Lead author Romain Egele, a research aide at Argonne, shared the Best Paper Award with Isabelle Guyon, Director of Research at Google, as well as with Venkatram Vishwanath, Data Science Team Lead at the ALCF, and Prasanna Balaprakash, Director of AI Programs and Distinguished R&D Scientist at ORNL.
Bayesian optimization is used as a common solution to black box optimization problems that arise in various machine learning tasks, but its most common implementation, the “single manager, multiple worker” utilization approach, suffers from inefficient scaling. Scaling problems can hinder accuracy and convergence speed, as demonstrated by the gains the new, decentralized method introduced in the paper offers relative to central management—making solutions increasingly important across scientific disciplines as exascale systems emerge as the new standard for high-performance computing.

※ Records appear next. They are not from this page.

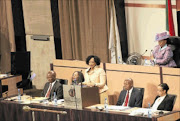 IN THE SPOTLIGHT: Gauteng premier Nomvula Mokonyane delivers the state of the province address.
Photo: LEBOHANG MASHILOANE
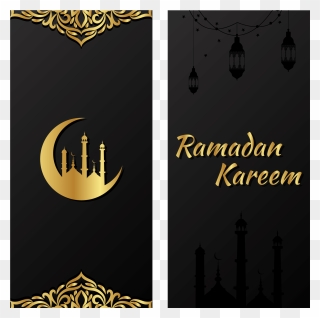 Ramadan Kareem Gold And Black Banner Set Vector - Greeting Card Clipart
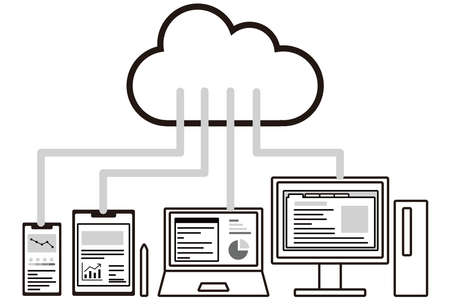 Image illustration of cloud service Smartphone, tablet, PC, laptop
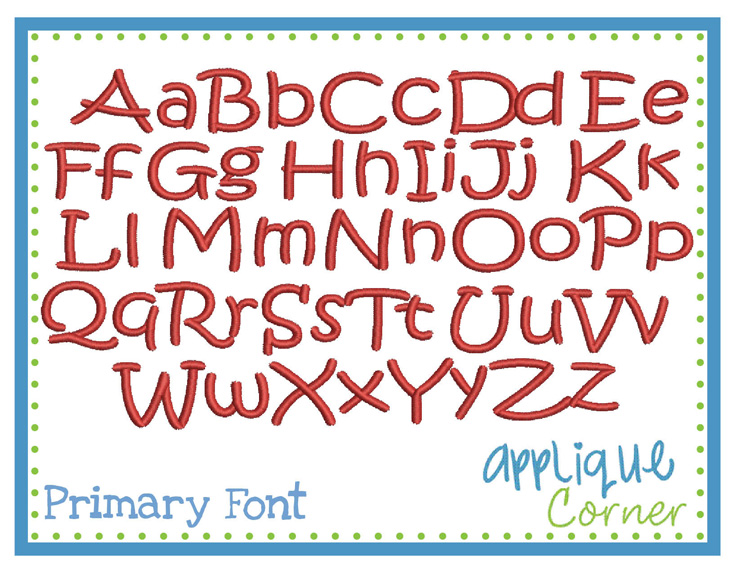 Primary Embroidery Font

“Our new Bayesian optimization method improves solution quality and the speed of hyperparameter optimization via optimized utilization of resources in the evaluation of black box functions. This is achieved through decentralized management, as opposed to using a single central manager,” Egele explained. “As researchers begin to transition to exascale systems, decentralized-management setups stand to benefit a wide range of use cases including fine tuning foundation models for science.”
These use cases include simulator calibration, scientific simulation optimization, automated search of machine learning pipelines, software tuning, and tuning of neural network architectures and hyperparameters.
Comparing their approach with traditional centralized Bayesian optimization, the researchers examined the benefits of employing decentralized architecture through an empirical analysis.
“As described in our paper, we were able to scale our decentralized Bayesian optimization method with full efficiency to the entirety of the ALCF’s Polaris supercomputer,” Egele said. “Given the high overhead costs associated with traditional Bayesian optimization, this helps address a major problem with resource utilization when dealing with DNN model training and hyperparameter optimization in high-performance computing environments.”
The ALCF is a U.S. DOE Office of Science user facility located at Argonne National Laboratory. This research is funded by coauthor Balaprakash’s DOE Advanced Scientific Computing Research (ASCR) Early Career Research Project “Scalable Data-Efficient Learning for Scientific Domains,” used ALCF resources, and is based on work supported by the U.S. DOE Office of Science ASCR program under Contract No. DE-AC02-06CH11357. The material is based upon work supported by ANR Chair of Artificial Intelligence HUMANIA ANR-19-CHIA-0022 and TAILOR EU Horizon 2020 grant 952215.